No one could ever accuse conveyancing of being at the forefront of innovation. After all, its last major shake-up was the introduction of registered land … in 1925. But following the first property purchase by Bitcoin at the end of last year and the recent announcement that the Land Registry is exploring how it can use blockchain technology, that may be about to change. In this blog, I look at how cryptocurrency and blockchain are set to transform the sale and purchase of property in the UK – for the better.

The first purchase of a UK property using Bitcoin took place in December last year. A four-bedroom house in Colchester was bought by a man in his 20s who is said to have "made a killing" in Bitcoin and wanted to convert his digital windfall into good old bricks and mortar. What's more, the Land Registry agreed to let the buyer have the price he paid recorded in Bitcoins rather than pounds sterling.

Technology is changing how we buy and sell property in the UK. Before explaining why I think this is a good thing, let's start by clarifying for the uninitiated what blockchain and cryptocurrencies (such as Bitcoin) are.

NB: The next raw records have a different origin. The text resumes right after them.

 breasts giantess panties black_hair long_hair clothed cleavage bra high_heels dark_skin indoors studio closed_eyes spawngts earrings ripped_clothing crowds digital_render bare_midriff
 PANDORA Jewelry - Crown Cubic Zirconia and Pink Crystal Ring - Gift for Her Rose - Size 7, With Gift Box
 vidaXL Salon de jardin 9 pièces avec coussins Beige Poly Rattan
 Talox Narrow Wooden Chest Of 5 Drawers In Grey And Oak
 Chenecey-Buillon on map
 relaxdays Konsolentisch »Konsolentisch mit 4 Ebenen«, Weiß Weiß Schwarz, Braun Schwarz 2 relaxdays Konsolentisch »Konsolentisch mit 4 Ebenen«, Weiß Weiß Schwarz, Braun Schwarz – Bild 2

In broad terms, blockchain is digital encryption technology used to store data in a way that is incorruptible. Or, as Wikipedia puts it: "A blockchain is a growing list of records, called blocks, which are linked using cryptography. Each block contains a cryptographic hash of the previous block, a timestamp, and transaction data. By design, a blockchain is resistant to modification of the data."

Cryptocurrencies, such as Bitcoin, are digital currencies that use blockchain technology to secure financial transactions.

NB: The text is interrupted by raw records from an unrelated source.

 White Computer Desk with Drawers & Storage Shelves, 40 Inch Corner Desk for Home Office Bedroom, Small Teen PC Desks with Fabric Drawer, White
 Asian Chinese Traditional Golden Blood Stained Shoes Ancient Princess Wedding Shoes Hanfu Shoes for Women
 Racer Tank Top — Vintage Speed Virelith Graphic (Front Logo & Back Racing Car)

What is the relevance of blockchains and cryptocurrencies to conveyancing you ask?

Blockchain is already being used in conveyancing transactions. The Law Society Gazette reported last October that a Swansea dentist became the first property buyer in the UK to exchange contracts digitally using blockchain technology. The buyer acquired a commercial property in Trowbridge through, an online property auction website. The Gazette reported that "the purchase was completed three days after the property went on the market, in a transaction that was recorded across a blockchain-secured shared ledger in four seconds".

Ripples are already being felt in the traditional auction market. An article in Property in September claims that blockchain will lead to the demise of ballroom auctions and that they will all move online. Lambert Smith Hampton has already taken this step. Says Property Week: "To create the ultimate level of trust, one needs blockchain; and to use blockchain, one needs electronic data, such as online legal offers and contracts."

The Land Registry has not been slow to respond. Last week it announced that it is exploring "how the innovative use of technology, such as blockchain, distributed ledgers and smart contracts, could revolutionise the land registration and property buy-sell process". The Land Registry is hopeful it will lead to a faster, simpler and cheaper land registration process.

Quicker, simpler property transactions can only be a good thing and if blockchain can help this process all well and good.

How does cryptocurrency fit into the picture?

Fraud is a big issue in the property market. So much so that last year the government and the Law Society issued a joint note advising conveyancing solicitors how to spot and avoid it. I certainly wouldn't suggest blockchain and cryptocurrencies are a panacea in this respect, but they can certainly play their part.

The Land Registry's adoption (in due course, hopefully) of blockchain technology may help overcome title-related fraud. Similarly, cryptocurrencies could assist on the financial side. One of their main advantages are that due to blockchain encryption, cryptocurrencies cannot be counterfeited and transfers cannot be reversed.

Other benefits include:

  • 1.  Decentralisation. Each cryptocurrency is managed within its own network rather than by a central authority such as the government, which could in theory seize your money. In 2013 the Central Bank of Cyprus announced that it was going to seize uninsured deposits of more than $100,000 in order to help it recapitalise during its economic crisis. This couldn't happen with a cryptocurrency.

  • 2.  The fact that cryptocurrencies run through the internet and are a global currency mean they are not subject to exchange, bank or transfer fees.

Needless to say, conveyancing and the use of technology is an evolving process and one I will be watching with interest over the months and years ahead.